▶ [WORK INSTRUCTION]:
In the listing below, start your output at the line with "house for rent" and end it after the line with "OneTwoSmile", copying every line exactly.

▶ [SOURCE MATERIAL]:
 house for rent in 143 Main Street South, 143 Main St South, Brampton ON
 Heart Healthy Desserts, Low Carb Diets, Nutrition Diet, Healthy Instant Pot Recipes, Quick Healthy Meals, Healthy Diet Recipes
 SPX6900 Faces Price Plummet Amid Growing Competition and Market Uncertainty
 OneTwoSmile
---
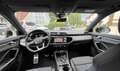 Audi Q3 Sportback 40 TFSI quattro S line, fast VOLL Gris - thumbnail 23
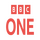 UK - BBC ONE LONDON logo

▶ [SOLUTION TO THIS TASK]:
 house for rent in 143 Main Street South, 143 Main St South, Brampton ON
 Heart Healthy Desserts, Low Carb Diets, Nutrition Diet, Healthy Instant Pot Recipes, Quick Healthy Meals, Healthy Diet Recipes
 SPX6900 Faces Price Plummet Amid Growing Competition and Market Uncertainty
 OneTwoSmile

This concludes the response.